Earnings of Phoenix Petroleum Philippines Inc. before interest, depreciation and appreciation grew 41 percent year-on-year in 2021 to P3.5 billion amid solid liquefied petroleum gas performance, consistent volume growth in its commercial and overseas sales and recovering retail volume, a top executive said Wednesday.
“Our trend of delivering healthy EBITDA demonstrates our commitment to prudent management of resources and our ongoing momentum across our businesses and diversified portfolio which saw strong support from our customers and partners,” said Phoenix president Henry Albert Fadullon.
Fadullon said operating income went up 87 percent to P2.3 billion in 2021, as the company delivered double-digit sales growth compared to the same period last year as operating expenses were kept in check.
He said despite the challenges in new cases and emerging geopolitical risks that drive volatility in global oil prices, Phoenix benefited from strong domestic volume from improving quarterly retail performance and new canister business in LPG.
“The combination of an improved operating earnings performance underpinned by continued debt reduction and the resilience of our businesses backed by active management of our inventories and receivables, help us mitigate the impact on demand and working capital,” said Fadullon.

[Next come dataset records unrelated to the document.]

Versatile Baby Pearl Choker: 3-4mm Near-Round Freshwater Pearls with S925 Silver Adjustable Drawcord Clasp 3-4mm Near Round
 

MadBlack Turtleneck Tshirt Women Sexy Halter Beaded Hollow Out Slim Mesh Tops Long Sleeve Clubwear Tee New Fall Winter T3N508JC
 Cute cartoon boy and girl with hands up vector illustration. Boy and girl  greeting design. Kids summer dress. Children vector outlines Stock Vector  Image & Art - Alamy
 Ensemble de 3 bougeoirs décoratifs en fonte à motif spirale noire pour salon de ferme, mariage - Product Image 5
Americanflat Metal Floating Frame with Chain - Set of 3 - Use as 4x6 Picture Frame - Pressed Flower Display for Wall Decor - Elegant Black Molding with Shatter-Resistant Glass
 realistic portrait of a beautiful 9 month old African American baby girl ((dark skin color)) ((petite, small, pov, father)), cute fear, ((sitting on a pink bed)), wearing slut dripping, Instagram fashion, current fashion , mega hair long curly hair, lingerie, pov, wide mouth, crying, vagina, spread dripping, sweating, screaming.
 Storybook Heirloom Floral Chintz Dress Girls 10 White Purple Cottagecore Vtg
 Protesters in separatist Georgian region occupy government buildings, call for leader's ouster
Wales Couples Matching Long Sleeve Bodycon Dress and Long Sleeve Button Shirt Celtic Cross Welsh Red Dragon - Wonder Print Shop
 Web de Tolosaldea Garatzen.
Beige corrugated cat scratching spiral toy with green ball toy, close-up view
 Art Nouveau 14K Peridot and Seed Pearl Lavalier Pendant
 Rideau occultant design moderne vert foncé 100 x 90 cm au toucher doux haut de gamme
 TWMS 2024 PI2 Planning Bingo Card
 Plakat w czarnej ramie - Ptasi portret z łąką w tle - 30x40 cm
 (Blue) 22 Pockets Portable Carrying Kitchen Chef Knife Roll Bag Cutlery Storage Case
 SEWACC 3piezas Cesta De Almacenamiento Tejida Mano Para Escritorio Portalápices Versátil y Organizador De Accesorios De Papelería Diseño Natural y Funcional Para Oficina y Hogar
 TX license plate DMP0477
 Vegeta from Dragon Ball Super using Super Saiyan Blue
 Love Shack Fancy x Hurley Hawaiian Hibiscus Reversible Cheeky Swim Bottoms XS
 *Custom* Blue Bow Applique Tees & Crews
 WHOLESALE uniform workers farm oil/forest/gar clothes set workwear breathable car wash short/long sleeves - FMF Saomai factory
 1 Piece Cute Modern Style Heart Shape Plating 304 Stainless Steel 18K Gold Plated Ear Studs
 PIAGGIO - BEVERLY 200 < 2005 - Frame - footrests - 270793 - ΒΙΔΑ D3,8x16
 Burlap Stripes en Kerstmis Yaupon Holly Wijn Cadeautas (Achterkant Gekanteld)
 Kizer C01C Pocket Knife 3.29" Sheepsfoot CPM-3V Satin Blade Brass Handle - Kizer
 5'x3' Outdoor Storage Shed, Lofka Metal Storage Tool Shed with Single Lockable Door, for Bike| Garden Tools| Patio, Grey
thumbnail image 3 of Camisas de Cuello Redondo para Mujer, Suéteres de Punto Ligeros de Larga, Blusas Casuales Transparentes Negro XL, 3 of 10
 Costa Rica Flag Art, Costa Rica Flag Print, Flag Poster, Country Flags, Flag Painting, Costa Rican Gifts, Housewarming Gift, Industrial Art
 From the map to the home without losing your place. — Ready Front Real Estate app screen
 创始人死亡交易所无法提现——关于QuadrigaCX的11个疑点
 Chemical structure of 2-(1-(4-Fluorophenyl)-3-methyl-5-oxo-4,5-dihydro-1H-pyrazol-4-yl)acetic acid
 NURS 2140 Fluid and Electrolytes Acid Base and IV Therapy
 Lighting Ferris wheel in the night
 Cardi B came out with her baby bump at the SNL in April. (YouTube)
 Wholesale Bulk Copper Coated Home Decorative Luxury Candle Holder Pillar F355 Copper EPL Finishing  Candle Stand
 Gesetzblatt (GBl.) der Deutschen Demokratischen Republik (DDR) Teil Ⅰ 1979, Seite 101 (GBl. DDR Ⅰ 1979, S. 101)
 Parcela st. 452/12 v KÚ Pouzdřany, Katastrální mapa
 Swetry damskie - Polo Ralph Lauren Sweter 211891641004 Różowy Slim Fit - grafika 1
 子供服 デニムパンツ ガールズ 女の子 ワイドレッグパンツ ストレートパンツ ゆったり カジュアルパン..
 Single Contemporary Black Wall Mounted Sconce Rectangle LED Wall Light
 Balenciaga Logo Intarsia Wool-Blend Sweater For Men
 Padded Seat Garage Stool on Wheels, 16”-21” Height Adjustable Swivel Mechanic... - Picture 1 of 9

“These further establish our position as a leading independent oil company that provides retail fuels and business-to-business services and offerings that cater to our customers and partners,” he said.
Phoenix operates close to 700 retail outlets nationwide and expanded to other businesses including terminaling and hauling services, asphalt, car repair and maintenance, FamilyMart convenience stores and digital transactions.
Phoenix also has an overseas presence in Singapore, Vietnam and Indonesia.